* _TASK INSTRUCTIONS_
Without copying any picture, transcribe exactly the lines of the data below from the one containing "EX DOROTHY PERKINS" through the one containing "Pictured trying the".

* _DATASET CONTENT_
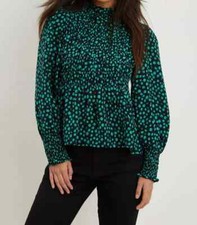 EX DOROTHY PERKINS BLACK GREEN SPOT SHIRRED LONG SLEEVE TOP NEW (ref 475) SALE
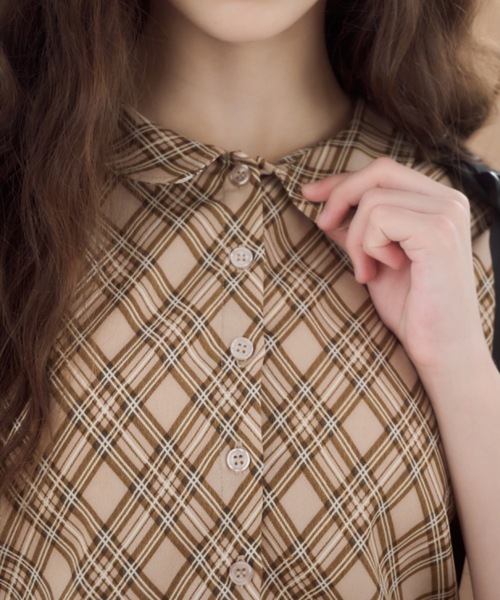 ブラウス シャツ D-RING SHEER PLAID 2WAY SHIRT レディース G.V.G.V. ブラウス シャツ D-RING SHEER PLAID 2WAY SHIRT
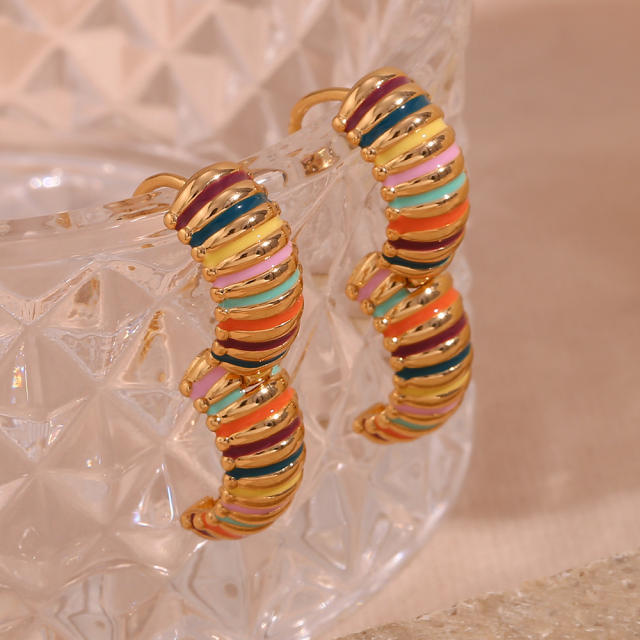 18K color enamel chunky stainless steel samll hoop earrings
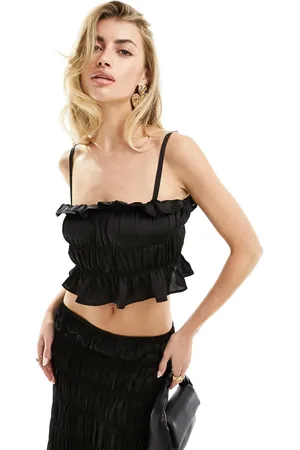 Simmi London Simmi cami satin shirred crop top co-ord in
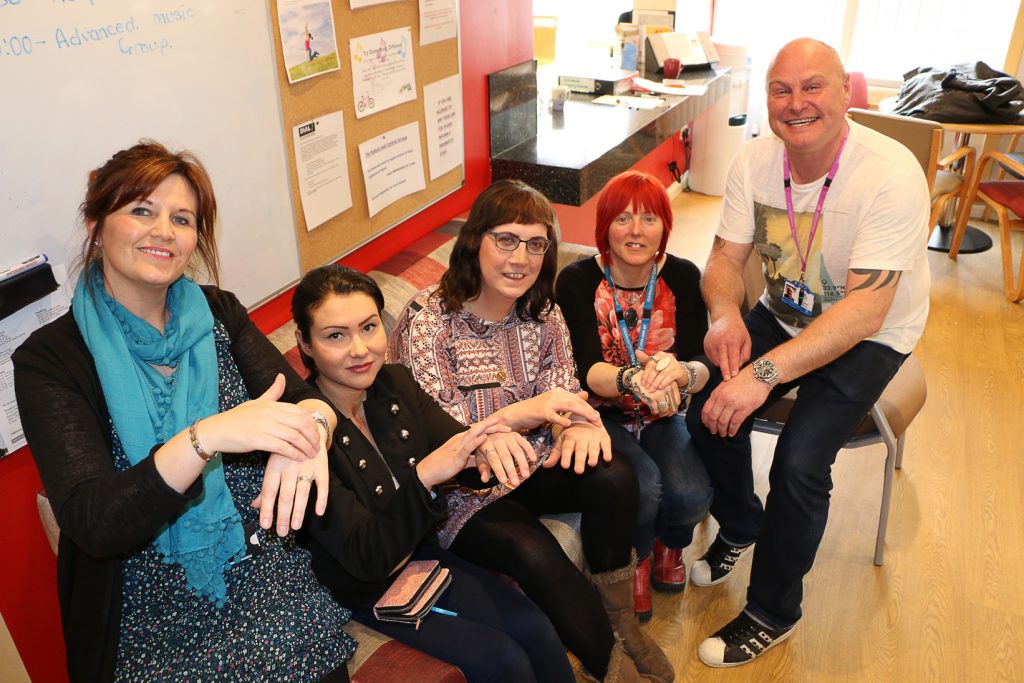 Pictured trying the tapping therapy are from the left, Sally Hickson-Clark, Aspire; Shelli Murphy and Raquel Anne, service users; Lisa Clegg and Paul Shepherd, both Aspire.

==

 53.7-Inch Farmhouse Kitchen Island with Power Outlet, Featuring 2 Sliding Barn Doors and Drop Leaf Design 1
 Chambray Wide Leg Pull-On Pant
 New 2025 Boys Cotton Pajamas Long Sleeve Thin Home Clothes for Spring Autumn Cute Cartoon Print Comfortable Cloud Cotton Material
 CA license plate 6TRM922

* _TASK OUTPUT_
 EX DOROTHY PERKINS BLACK GREEN SPOT SHIRRED LONG SLEEVE TOP NEW (ref 475) SALE
 ブラウス シャツ D-RING SHEER PLAID 2WAY SHIRT レディース G.V.G.V. ブラウス シャツ D-RING SHEER PLAID 2WAY SHIRT
 18K color enamel chunky stainless steel samll hoop earrings
 Simmi London Simmi cami satin shirred crop top co-ord in
 Pictured trying the tapping therapy are from the left, Sally Hickson-Clark, Aspire; Shelli Murphy and Raquel Anne, service users; Lisa Clegg and Paul Shepherd, both Aspire.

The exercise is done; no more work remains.